Outre le port du voile, les deux camps divergent sur la diplomatie. Les réformateurs misent sur un rapprochement avec l’Occident. Néanmoins, le camp conservateur est loin d’être uni sur l’attitude à adopter face au génocide perpétré par l’État d’Israël contre les Palestiniens et les risques d’une escalade de la guerre. Le pouvoir a privilégié une approche diplomatique plutôt que belliqueuse. Cela divise les conservateurs entre « réalistes », proches du président Ebrahim Raïssi et du guide Ali Khamenei, et les durs de l’« axe de la résistance », qui veulent entrer en guerre contre Israël. Les divergences existent également sur le rapprochement avec la Chine qui renforce silencieusement sa position en obtenant d’importants contrats d’équipement, notamment dans le domaine ferroviaire, la construction de routes et le développement de l’aéroport de Téhéran.

Au total, ces élections témoignent surtout du mécontentement profond au sein de la société iranienne. Contre l’obligation du port du voile, que plus du tiers des femmes ne portent plus en public, mais aussi contre la politique sociale. Des grèves fréquentes quoique sporadiques et sans leader, touchent régulièrement des secteurs tels que le logement, l’éducation, la santé. Elles mobilisent pour l’augmentation des salaires, des retraites, ou l’approvisionnement en eau. Toutefois le mouvement demeure non structuré.

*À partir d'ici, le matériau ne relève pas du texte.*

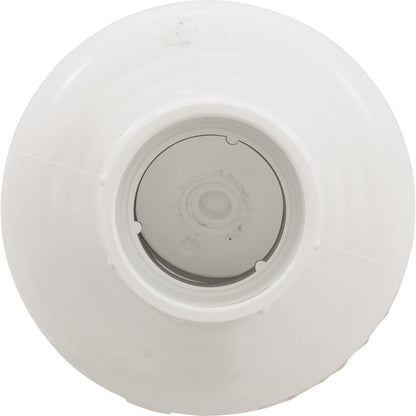 Check Valve, Flo Control 1500, 1"s, Swing, Water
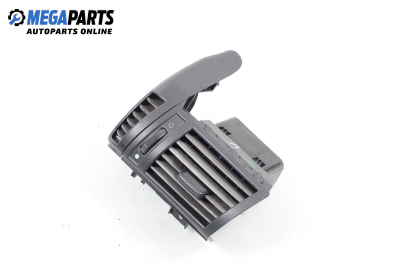 Духалка парно за Fiat Stilo Hatchback (10.2001 - 11.2010)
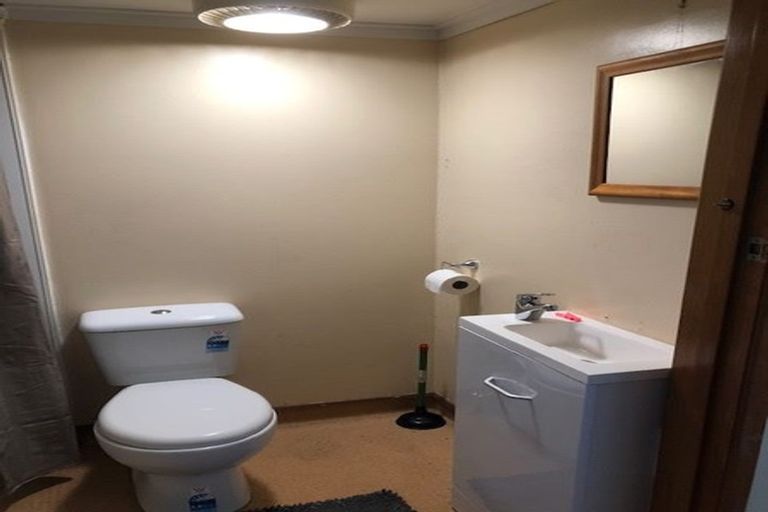 Photo of property in 297b Porchester Road, Takanini, 2112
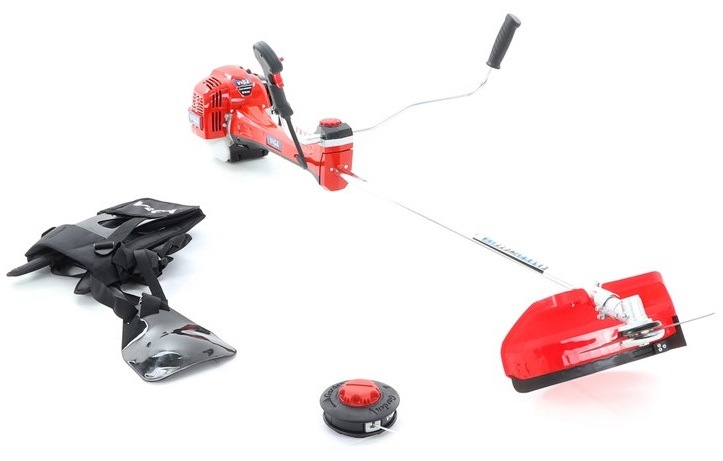 Křovinořez VeGA BC525PRO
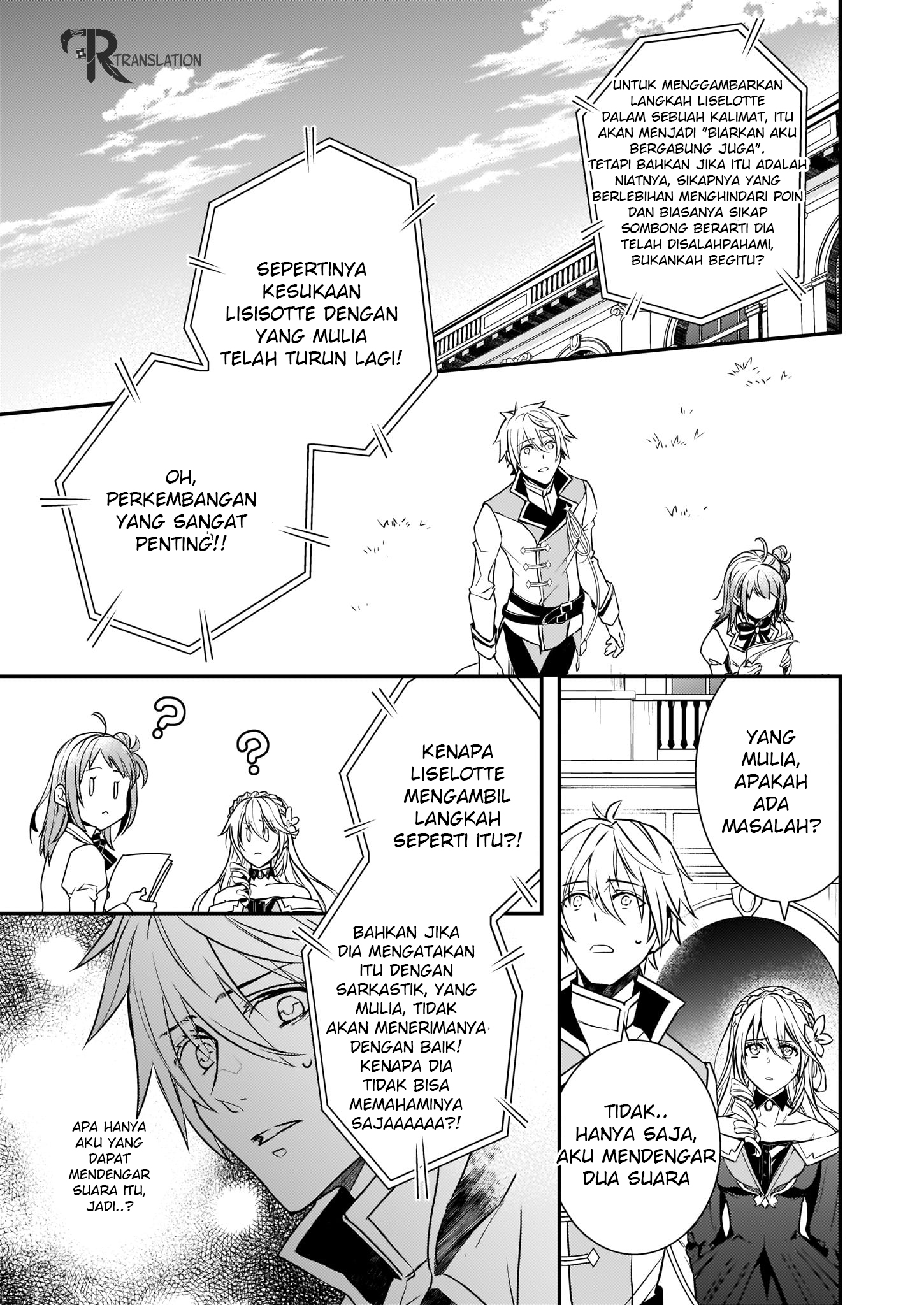Chapter 1 - halaman 19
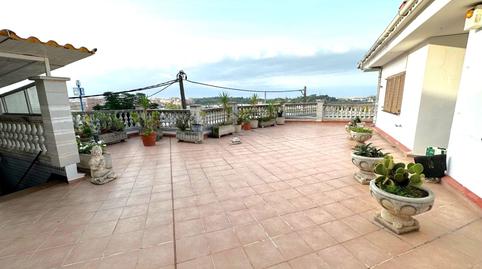 Foto 4 de Casa o xalet en venda a Mas Florit - Ca la Guidó, Girona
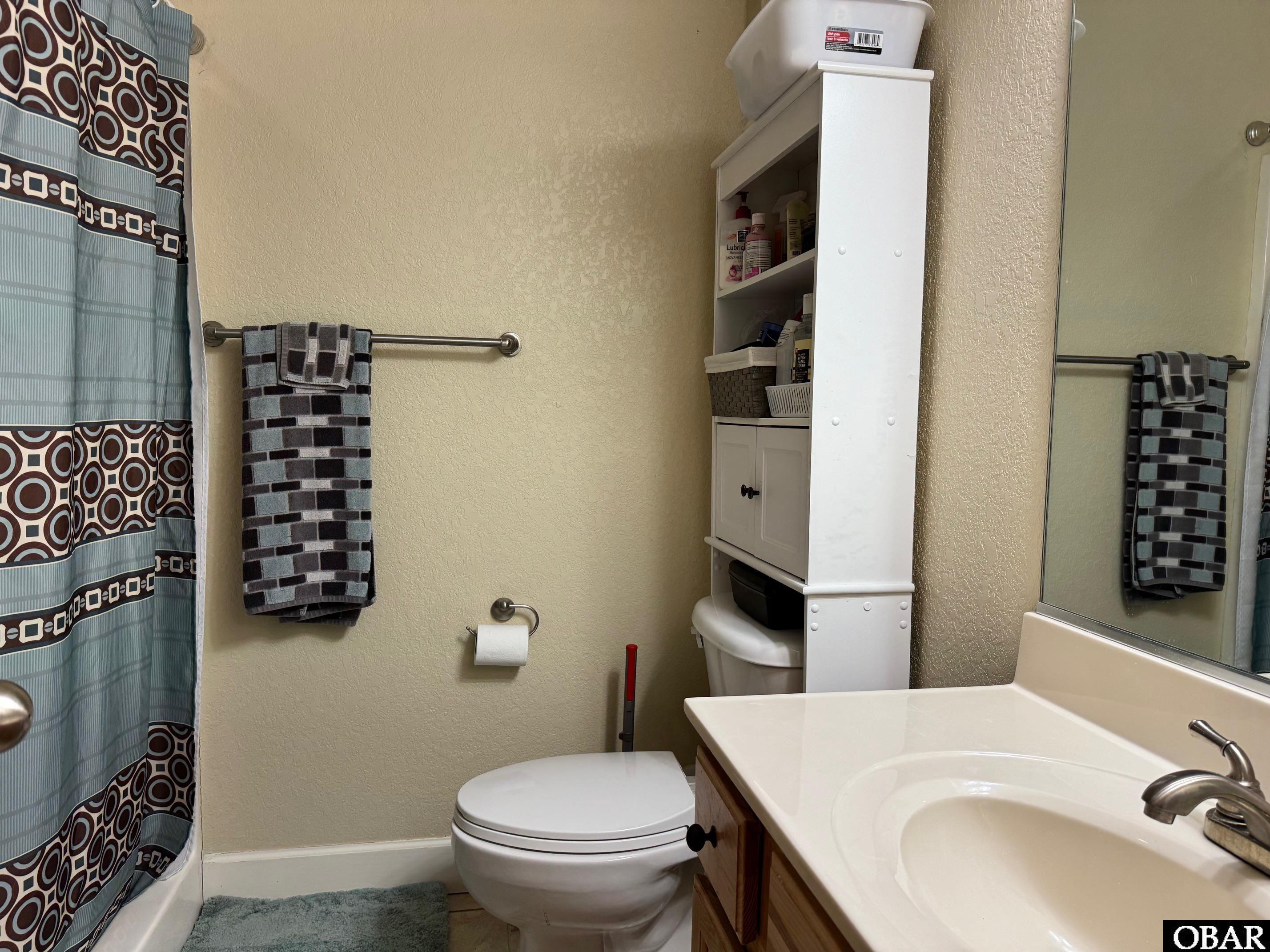 109 Colington Pointe Circle, Kill Devil Hills, NC MLS 123563 For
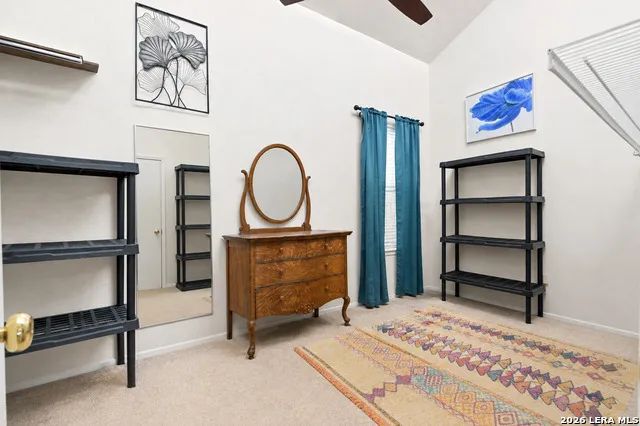 7952 Splintered Oak Live Oak, TX 78233
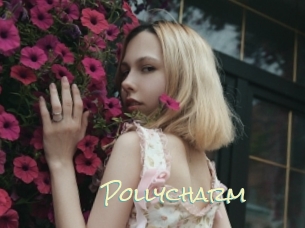 Pollycharm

Les arrestations et les procès inéquitables persistent tandis que les exécutions s’accélèrent. Le média iranien en ligne Radiozamaneh en reconnaît 125 en 2023. Mais, selon Human Rights Watch et Ensemble contre la peine de mort (ECPM), leur nombre s’est élevé à 834 en 2023, « une augmentation alarmante de 43 % en un an »2. Malgré les répressions, l’évolution des dynamiques sociales pourront-elles ouvrir la voie à l’émergence d’une opposition structurée ?

Élections mode d’emploi

Le Parlement compte 290 membres élus pour 4 ans au suffrage universel, par les Iraniens de 18 ans et plus. Parmi eux, 285 députés musulmans, chiites ou sunnites, sont élus dans l’une des 202 circonscriptions électorales, tandis que 5 sont élus par les membres de chacune des minorités religieuses lors d’un scrutin extraterritorial (1 Assyro-chaldéen, 2 Arméniens, 1 juif et 1 zoroastrien). Tout candidat ayant obtenu le plus grand nombre de suffrages est élu, à condition de compter plus de 20 % des votes exprimés, sinon il faut un second tour. Les votes blancs ne sont pas comptabilisés3.

Seuls les Iraniens et les Iraniennes ayant effectué des études supérieures peuvent se présenter. La plupart des 202 circonscriptions ne comptent qu’un seul député, les grandes villes en totalisent entre 2 et 6, selon la taille de leur population. La grande circonscription de Téhéran en élit quant à elle 30.

Établi depuis plusieurs décennies, le découpage électoral présente des complexités administratives, avec des situations où des districts non voisins sont regroupés dans une même circonscription. Il ne tient pas compte de la croissance démographique récente.

1Selon les statistiques officielles de l’Iranian Students News Agency (ISNA) à Téhéran.

2« Annual Report on Death Penalty in Iran 2023 », Iran Human Watch Rights and Together Against the Death Penalty, 5 mars 2023.

3Voir « Les élections législatives en Iran 2020, premier tour », Bernard Hourcade, CartOrient, 4 juin 2020.